The design of the “real” world in “Upload” was “a little grittier; it’s not where you want to be,” says Krasser. “So when we got into the upload land, it needed to feel a little bit more pristine, a little cleaner — like you wanted to go there because it was nicer.” But, in order to remind the audience this was a digital world, Krasser and his team built in select glitches — “freezes and stutters,” he explains.

Certain story points required Krasser and his team to get even more creative. There’s a class system in the digital afterlife not unlike the one that exists in the real world. Those who have money can pay for unlimited data and do whatever they want every month, but others are on stricter budgets. The two-gigabyte plan within Lakeview becomes an important part of the story: When a character on that plan runs out of data, he or she loses color and freezes in place — until more money is added into his or her account. But it wasn’t just a matter of laying a black-and-white filter over the actor.

“The windows [only] had blue in them,” Krasser says.
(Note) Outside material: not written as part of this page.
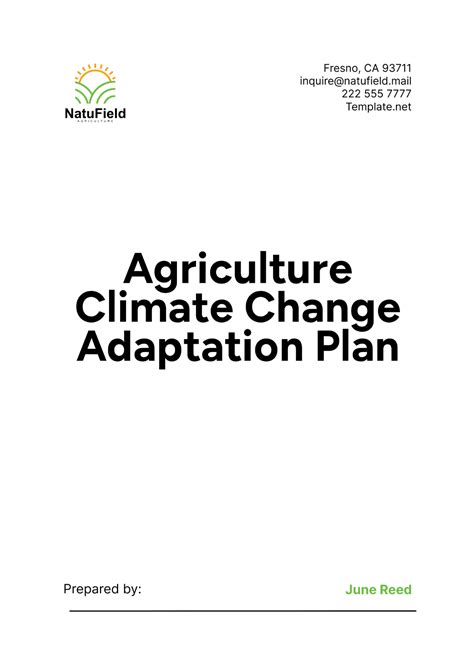Free Agriculture Climate Change Adaptation Plan Template to Edit Online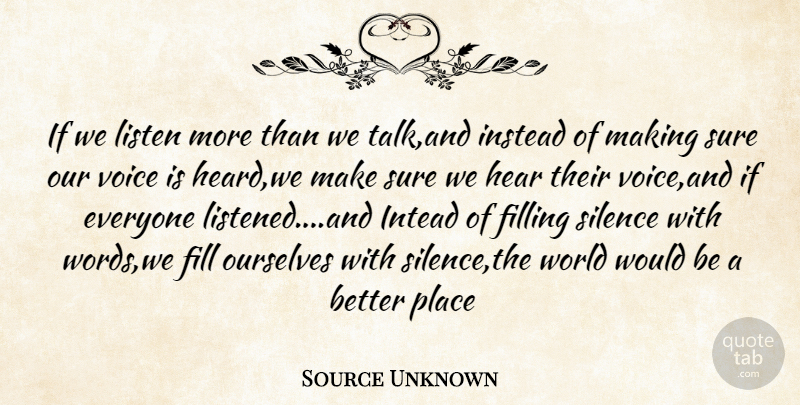 Source Unknown Quote About Filling, Hear, Instead, Listen, Ourselves: If We Listen More Than...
The joke was that there was an unfinished, blue-screen look. “But if you wanted to pay extra, you could get the [full] view. It all comes down to pay-per-use.”

When there’s an issue with the server that houses Lakeview, everyone within the system gets temporarily downgraded to a “low-poly” (low-resolution) avatar, Krasser says. Taking inspiration from the early days of computer graphics and the Dire Straits music video for “Money for Nothing,” this sequence became “an homage to our roots — to show how we evolved,” Krasser notes. “We found the simpler we made it, the more humorous it was and the more it captivated the imagination. The thing about doing a comedy with visual effects is the visual effects aren’t just to set the scene; at times they were called upon to bring a little bit of humor, too.”

Lakeview isn’t the only digital afterlife option, and the show explores a few others in a scene in which Nathan goes “heaven shopping,” Krasser says. Characters sit in a sales agent’s office and the backdrop around them changes to the various options.

“That entire sequence was set up with two rooms. We build a normal room that we started filming in, and then right next to that was an exact match of the room but everything was blue. In order to delineate where the edges of the furniture were, we put green tape along the borders, so when you saw the final product, you saw we had a room, but it turned into a giant video display,” Krasser says.

The “heaven shopping” sequence consisted of between 120 and 140 visual effects shots alone, Krasser continues, with the overall 10 episodes of the first season featuring approximately 1,400 VFX shots.

“The variety of the work gave an opportunity that I don’t think you get that often,” Krasser observes. “It was exciting because it’s not a one-trick pony show. In essence, every shot in here was kind of like a puzzle that we had to solve.”